Su imagen era reconocible. Mestizo de mediana edad, hasta cincuentón; vestido como el cholerío de hasta hace medio siglo: En la Sierra, terno de género nacional azul cubierto de parches de diverso tono, chaleco de cuatro bolsillos, camisa ‘de cuello’ sin corbata, y la infaltable bolsa de tela colgando de los hombros; el sombrero de fieltro y alpargatas de soga bien traqueteadas. Bajo la lluvia fuerte usaba un ‘poncho de aguas’ impermeabilizado con caucho del país. En la costa la indumentaria era más liviana, pero la bolsa de tela cruzada por el pecho era la misma. Unos iban a pie, cargando el bulto; otros tenían su mula para cabalgar y para llevar ‘al anca’ el equipaje.
Así eran los ‘postillones’, encargados de llevar el correo desde tiempos coloniales. Se dedicaban al oficio de jóvenes, casi siempre por tradición familiar. Se conectaban a los ‘arrieros’, que transportaban mercaderías con recuas de mulas. Vivían, por lo general, en su casita en el campo con su larga familia, que disfrutaba de las noticias, los dulces y a veces otros regalitos que traían: ‘peinetas’ a las niñas y ‘rondines’ a los niños.
Se ubicaban en una tienda o cantina conocida en cada lugar.
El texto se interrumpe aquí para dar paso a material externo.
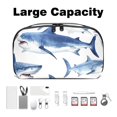 thumbnail image 3 of Shark Waterproof Oxford Cloth Storage Pouch Cable Organizer Cord Organizer Travel Small Bag 5.9x9.44x3.14 in, 3 of 6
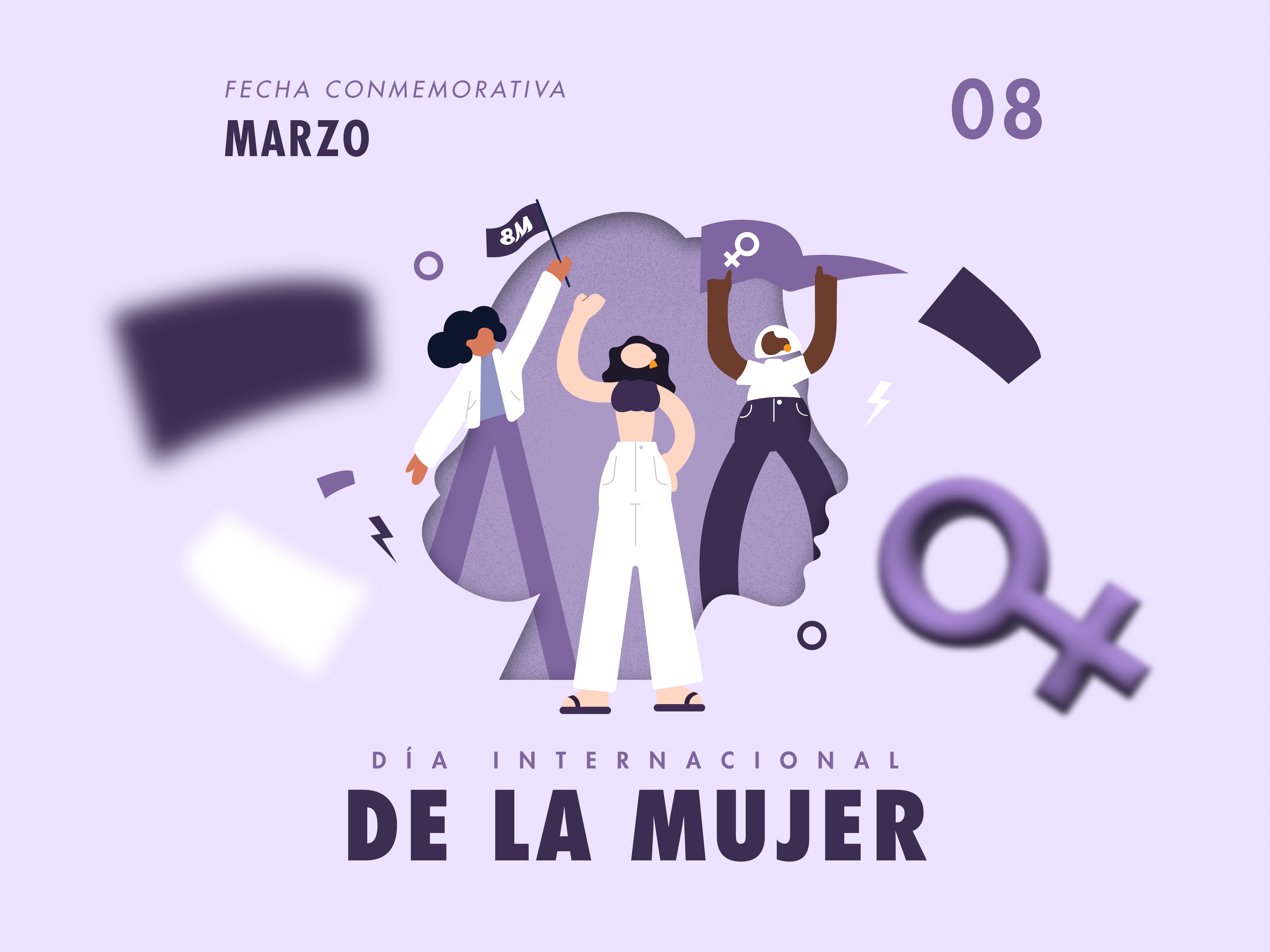 8M ™ design illustration typography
Allí, sentados a la luz de una vela de sebo prendida, recibían las cartas y ‘encomiendas’ de los funcionarios públicos que remitían correspondencia, o de personas privadas que mandaban misivas o pequeños paquetes con ‘encargos’. También recibían ‘razones’; mensajes verbales que repetían a su destinatario con bastante precisión. Nunca aceptaban llevar plata. De ese modo se aseguraban de que no serían víctimas de los asaltantes de caminos. A veces ‘se pasaban personalmente’ por la casa de algún conocido para recoger o dejar el correo ‘a domicilio’. Cobraba muy moderadamente; unos centavos por cada encargo, con tarifas establecidas por la costumbre.
El oficio se mantenía a base de confianza personal, que duraba por generaciones. El postillón tenía buen nombre y buenos compadres. Era de palabra. Si ofrecía algo lo cumplía. No ‘se abría’ las cartas ni los paquetes, no divulgaba secretos personales. Pero, eso sí, era una lanza para el chisme. Contaba ‘vida y milagros’ de todo el mundo conocido, en especial de los políticos, militares y sacerdotes.
Con el moderno correo, las carreteras y los buses, los postillones fueron desapareciendo. Solo algunos mayores se acuerdan de ellos. Pero debemos dedicarles aunque fuera un tantito de nuestra memoria colectiva.